HMV has relaunched its website with a spotlight on content and personalisation, other than e-commerce, because it continues with plans to restore the emblem after it was saved from administration earlier this year.
Visitors to the positioning will be unable to shop goods they’d find in store. That’s understood that HMV has accepted that it cannot compete with rivals resembling Play.com, Apple and Spotify inside the digital entertainment business.
Instead, HMV is offering a spot for users find information on new releases and older products, in addition to at the company itself, aiming to accumulate a faithful community round the brand and drive them into its stores.
The site was created by Code Computerlove and replaces a holding site that have been live since Hilco bought HMV out of administration back in April. It has a sturdy discuss content curated by a brand new editorial team, with staff across its chain of stores also contributing.
It is dominated by music content for the time being, however it will broaden far from this to spotlight the variability of entertainment products, including games and flicks, that HMV stores sell. It also integrates with HMV’s recently launched digital music store, providing 30-second track previews and allowing users to buy digital downloads via 7digital.
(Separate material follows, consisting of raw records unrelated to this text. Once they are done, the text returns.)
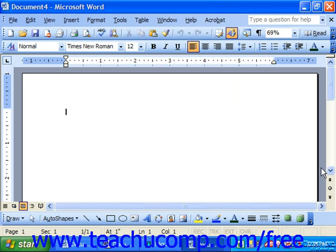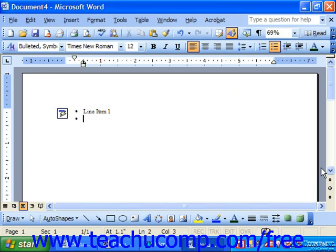You can also manually start a bulleted list by simply typing an asterisk at the beginning of the first item in a list, typing a space, and then typing in the first line item. When you press Enter on your keyboard, the asterisk will turn into a bullet point. The next line will appear automatically bulleted as well, and then you can continue typing in your items.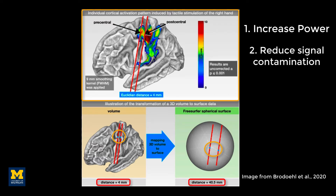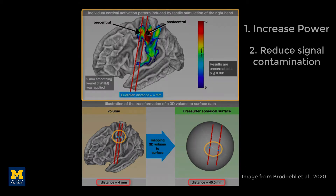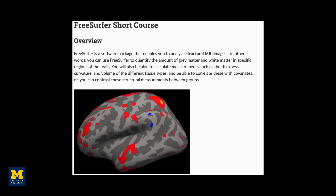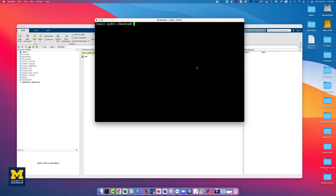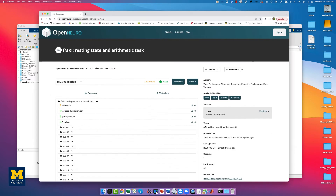The best way to reconstruct a surface is with FreeSurfer, and the rest of this video assumes you already have it installed and know how to use it. You can find a walkthrough in the link below. For the remainder of this tutorial, we will use the first three subjects of the arithmetic task on openneuro.org, which can be found in a link below.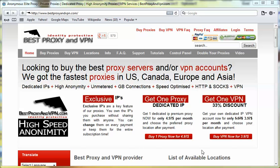Hi, in this video, I'm going to set and use a proxy in Apple Safari version 5.1.4.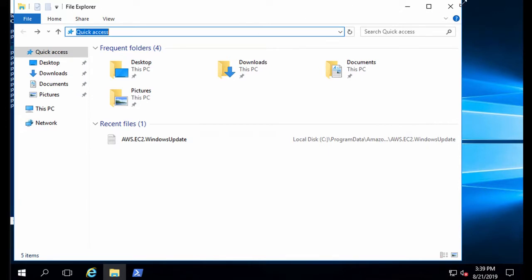On Windows the installation log can be found in the user temp folder. An easy way to get there is to type temp in the file explorer.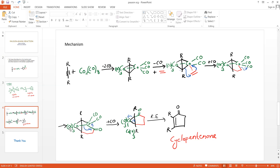This intermediate then undergoes an alpha migration followed by reductive elimination. In this step, the cobalt atom is attached to a carbonyl species, one alkene group, and a cobalt-cobalt bond. The cobalt-cobalt bond breaks during reductive elimination and migrates to the carbonyl group. This bond migration to the carbonyl gives an intermediate, the cobalt-carbonyl bond breaks, and after the final reductive elimination step, we obtain the cyclopentenone product.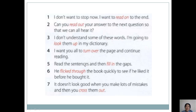Next: 'Read the sentences and then fill in the gaps' — 'fill in' means to insert information or a word into a space or gap. Next: 'He flicked through the book quickly to see if he liked it before he bought it' — 'flick through' means to look through the book quickly. Before buying, you decide whether it is interesting or not, and you flick through first. Next: 'It doesn't look good when you make lots of mistakes and then cross them out' — 'cross out' means to make a line on a mistake to correct it or show it is wrong, or to put the sign X on your mistake.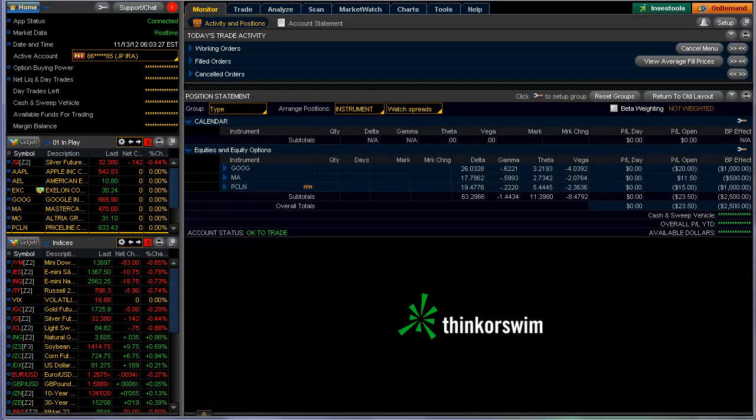Good morning, fellow option traders. This is Jeff, and today is Tuesday, November 13th, 2012, and this is the quick scan for today.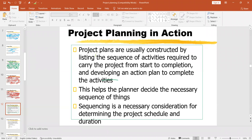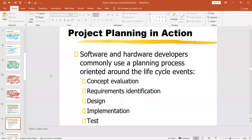We are going to start project planning in action. We have already developed our project plan, now we need to think about the implementation of the plan. Project plans are usually constructed by listing the sequence of activities required to carry the project from start to completion and developing an action plan to complete activities. This is the summary of what we have already learned; now we will use examples of how project planning really reaches action.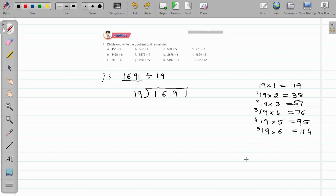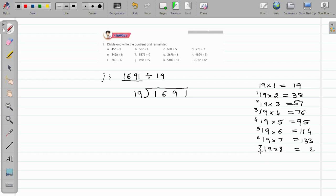Continuing the multiples: 19 into 7 — 7 nines are 63, write 3 carry 6; 7 ones are 7, plus 6 is 13 — so 133. 19 into 8 — 8 nines are 72, write 2 carry 7; 8 ones are 8, plus 7 is 15 — so 152. 19 into 9 — 9 nines are 81, write 1 carry 8; 9 ones are 9, plus 8 is 17 — so 171. This way we have formed all the multiples of 19.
Personalisation will even play an enormous role, with HMV hoping to be told what users are buying in store and searching at on its website with the intention to offer a tailored experience, equivalent to news on local stores, favourite artists or upcoming movies. Users shall be ready to check in through 7digital or HMV’s loyalty programme, pureHMV, that is set to relaunch later this week.
Further improvements to the positioning also are planned. A search function is within the works, as is a whole product catalogue, while there’ll be more integration with downloads. However, there aren’t any plans in place right now to begin selling any physical products, equivalent to CDs or DVDs.